Introduction
Workspace Manager is a new cool feature that’s just reached public preview. In this short post I’ll be describing quickly what it allows us to do, how it works and what I think of the feature currently.
What can Workspace Manager do?
Currently there are some limitations as to what it can do, but it can manage the following components:
- Analytic rules
- Automation rules
- Workbooks
- Kusto functions (hunting queries, parsers etc)
Obviously playbooks missing is a big deal, and workspace manager can’t delete content. It’s all about part of the known expectations however, so expect this to probably be remedied in the future.
Architecture
Workspace Manager utilizes Azure Lighthouse. It requires the person configuring it to have Microsoft Sentinel Contributor roles on all workspaces you want to manage, and the workspace you manage from.
In the official documentation Microsoft presents the following three architectures:
For an MSSP this shows that we can:
- Simply manage a few workspaces
- Co-manage workspaces
- Create nested configurations for complex customer environments
Thoughts and usage
First impressions
Please note, I’m comparing this to a solution built on the original Sentinel as Code concept, which allows for push/pull/delete of all components in Sentinel, as well as other Azure-components.
Pro’s
- The configuration of it is fairly simple.
- You can easily configure groups to manage content a bit more granularly.
- Pushing content was a breeze and I had no errors on this part.
- Nesting workspaces using N-Tier was also nice.
- You can set up scheduled updates.
Con’s
- Missing Playbooks.
- You can push them, but only if not attributed or attached to analytics and automation rules. This is all of our playbooks, at least.
- No option to manage content created in the managed workspaces currently.
- Pushing using this feature requires constant access to customers workspaces as Microsoft Sentinel Contributor, so this does not support a limited access PIM system for automation.
- Small note on this: I guess you can set this up with a SPN isntead of a user account, which would work fine and actually would be preferable.

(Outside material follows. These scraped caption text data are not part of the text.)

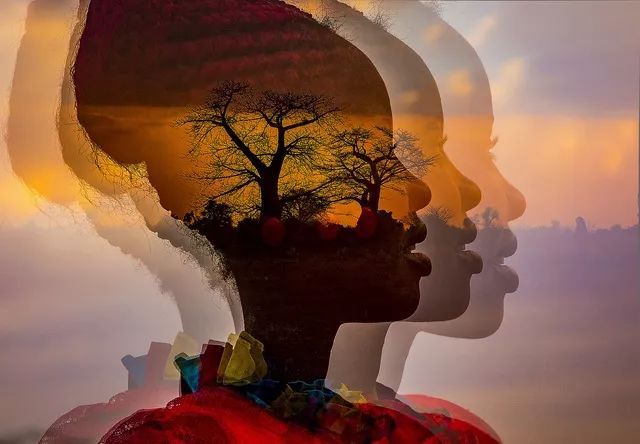 商业摄影多重曝光运用 商业摄影多重曝光运用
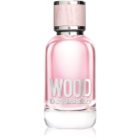 Dsquared2 Wood Pour Femme Eau de Toilette för Kvinnor 30 ml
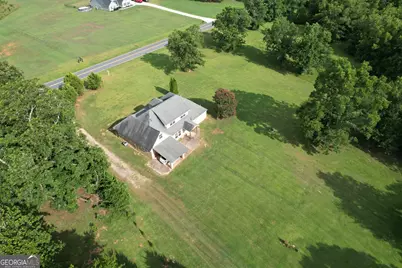 892 Thurston School Road, Thomaston, GA 30286 - Photo 51
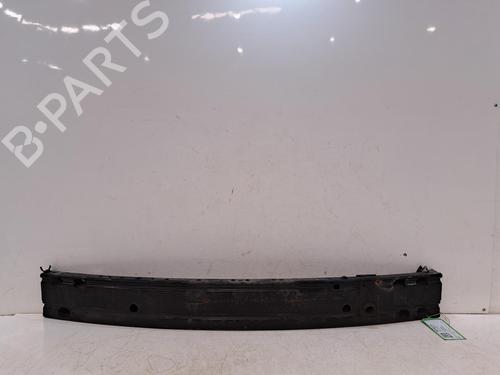 Other NISSAN QASHQAI II (J11, J11_) 1.6 dCi ALL MODE 4x4-i | BP29349048O1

- No option to delete in the managed tenants from the central workspace.
Needs more testing
- Last time I tested this I observed content being overwritten on a schedule from the central workspace - this would mean that local tuning for specific customers would not be possible. We would need to host multiple versions of the same rule locally and deploy using different groups.
Thoughts
I can see this being a very useful feature. Having the ability to manage some content from a central workspace and have it being constantly pushed and overwritten on a schedule in order to make sure there’s no configuration drift (or people making changes to the wrong thing, etc) would be nice. Unfortunately, this mostly goes for playbooks which isn’t fully supported.

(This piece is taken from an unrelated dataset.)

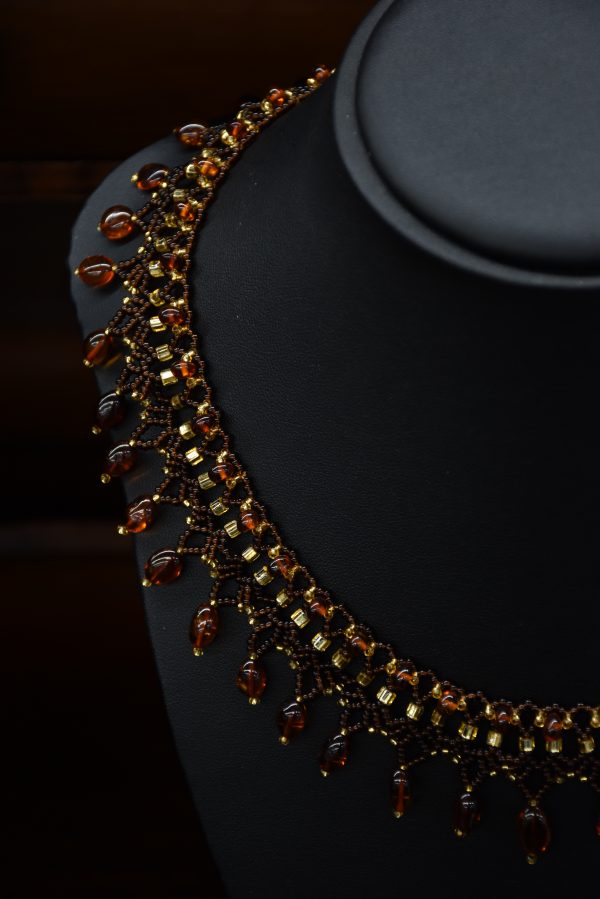 Item002 - Image 3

Compared to a Sentinel as Code solution it’s probably not strong enough yet to take over fully for most MSSP providers, but if you are just getting into managing Sentinel as Code then this feature combined with the repository feature on a central workspace could be a good way to get started managing multiple workspaces.
My wishlist would obviously include full playbook support and the option to allow for local changes on certain content, as well as the ability to delete things. If we look into other aspects of Sentinel that it might help manage, a central health view of analytic rules, automation and data ingestion would be very high on the wishlist!